#### ACTION ITEM:
What you return must be the lines from the first one below through the one containing "Futier land（フュ", exactly and with pictures excluded.

Image-caption web data:
*** Begin section ***

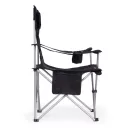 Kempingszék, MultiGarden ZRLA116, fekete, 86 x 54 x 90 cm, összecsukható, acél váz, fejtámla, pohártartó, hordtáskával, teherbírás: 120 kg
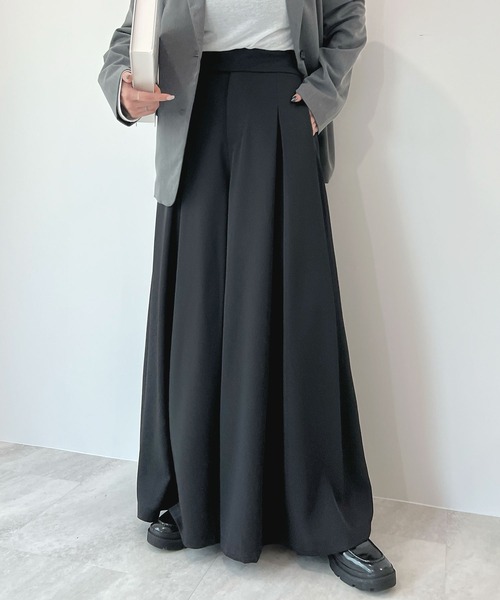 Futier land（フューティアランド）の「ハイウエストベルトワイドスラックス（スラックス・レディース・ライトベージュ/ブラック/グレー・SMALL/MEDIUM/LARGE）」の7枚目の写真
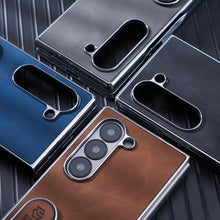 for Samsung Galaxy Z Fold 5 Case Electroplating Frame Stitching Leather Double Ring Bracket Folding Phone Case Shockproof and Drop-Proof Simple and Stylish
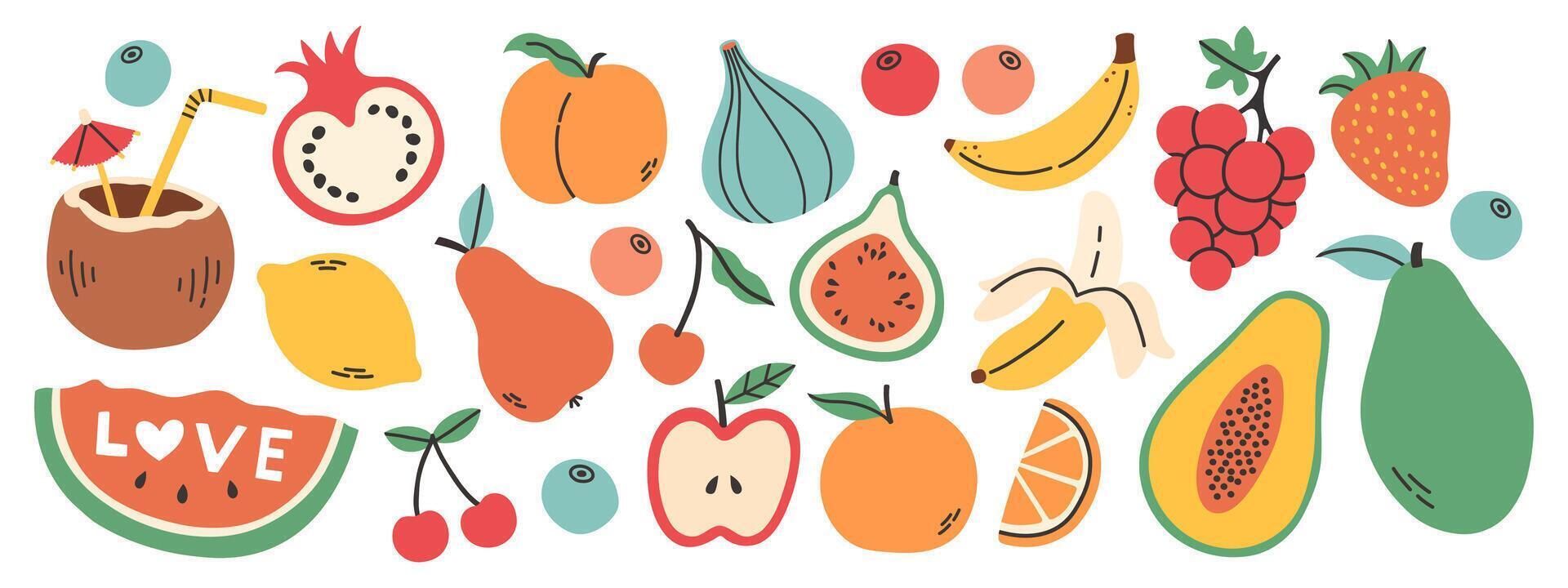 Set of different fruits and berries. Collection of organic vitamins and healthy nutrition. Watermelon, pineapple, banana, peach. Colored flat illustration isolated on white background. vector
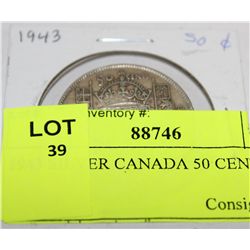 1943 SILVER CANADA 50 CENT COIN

*** End section ***

#### SOLUTION:
 Kempingszék, MultiGarden ZRLA116, fekete, 86 x 54 x 90 cm, összecsukható, acél váz, fejtámla, pohártartó, hordtáskával, teherbírás: 120 kg
 Futier land（フューティアランド）の「ハイウエストベルトワイドスラックス（スラックス・レディース・ライトベージュ/ブラック/グレー・SMALL/MEDIUM/LARGE）」の7枚目の写真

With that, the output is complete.